*About this task*: Please output exactly the lines that run from the line with "SNOOPY BADİLİ 3" through the final line of the data, inclusive, and nothing more.

(Stored items)
((

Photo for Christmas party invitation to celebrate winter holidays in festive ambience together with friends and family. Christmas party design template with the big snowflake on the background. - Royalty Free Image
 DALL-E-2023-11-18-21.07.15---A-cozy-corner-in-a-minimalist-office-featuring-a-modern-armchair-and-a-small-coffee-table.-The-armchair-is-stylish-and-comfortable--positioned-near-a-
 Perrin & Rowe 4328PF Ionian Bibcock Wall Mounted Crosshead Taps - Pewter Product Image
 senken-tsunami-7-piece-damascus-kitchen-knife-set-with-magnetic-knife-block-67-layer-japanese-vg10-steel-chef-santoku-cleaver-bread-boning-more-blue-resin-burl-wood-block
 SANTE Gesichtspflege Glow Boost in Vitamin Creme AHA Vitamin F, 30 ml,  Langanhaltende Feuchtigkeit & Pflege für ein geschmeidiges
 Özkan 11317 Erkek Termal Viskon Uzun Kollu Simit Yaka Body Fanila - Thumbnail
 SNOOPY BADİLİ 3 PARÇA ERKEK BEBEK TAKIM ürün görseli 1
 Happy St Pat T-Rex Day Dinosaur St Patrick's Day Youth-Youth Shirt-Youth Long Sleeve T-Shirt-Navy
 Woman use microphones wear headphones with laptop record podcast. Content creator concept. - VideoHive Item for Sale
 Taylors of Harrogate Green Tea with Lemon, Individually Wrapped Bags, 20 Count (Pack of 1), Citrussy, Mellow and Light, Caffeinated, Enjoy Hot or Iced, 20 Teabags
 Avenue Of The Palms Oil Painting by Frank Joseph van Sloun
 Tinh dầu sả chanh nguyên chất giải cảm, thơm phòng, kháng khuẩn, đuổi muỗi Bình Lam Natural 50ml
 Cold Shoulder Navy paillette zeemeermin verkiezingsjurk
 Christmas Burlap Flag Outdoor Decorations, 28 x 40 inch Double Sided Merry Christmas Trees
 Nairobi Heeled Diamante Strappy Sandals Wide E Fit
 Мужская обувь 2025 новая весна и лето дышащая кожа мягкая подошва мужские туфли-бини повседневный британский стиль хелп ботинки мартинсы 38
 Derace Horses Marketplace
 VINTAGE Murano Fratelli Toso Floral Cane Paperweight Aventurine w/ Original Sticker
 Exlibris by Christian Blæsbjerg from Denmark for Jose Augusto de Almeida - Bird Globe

))

*Reply*:
 SNOOPY BADİLİ 3 PARÇA ERKEK BEBEK TAKIM ürün görseli 1
 Happy St Pat T-Rex Day Dinosaur St Patrick's Day Youth-Youth Shirt-Youth Long Sleeve T-Shirt-Navy
 Woman use microphones wear headphones with laptop record podcast. Content creator concept. - VideoHive Item for Sale
 Taylors of Harrogate Green Tea with Lemon, Individually Wrapped Bags, 20 Count (Pack of 1), Citrussy, Mellow and Light, Caffeinated, Enjoy Hot or Iced, 20 Teabags
 Avenue Of The Palms Oil Painting by Frank Joseph van Sloun
 Tinh dầu sả chanh nguyên chất giải cảm, thơm phòng, kháng khuẩn, đuổi muỗi Bình Lam Natural 50ml
 Cold Shoulder Navy paillette zeemeermin verkiezingsjurk
 Christmas Burlap Flag Outdoor Decorations, 28 x 40 inch Double Sided Merry Christmas Trees
 Nairobi Heeled Diamante Strappy Sandals Wide E Fit
 Мужская обувь 2025 новая весна и лето дышащая кожа мягкая подошва мужские туфли-бини повседневный британский стиль хелп ботинки мартинсы 38
 Derace Horses Marketplace
 VINTAGE Murano Fratelli Toso Floral Cane Paperweight Aventurine w/ Original Sticker
 Exlibris by Christian Blæsbjerg from Denmark for Jose Augusto de Almeida - Bird Globe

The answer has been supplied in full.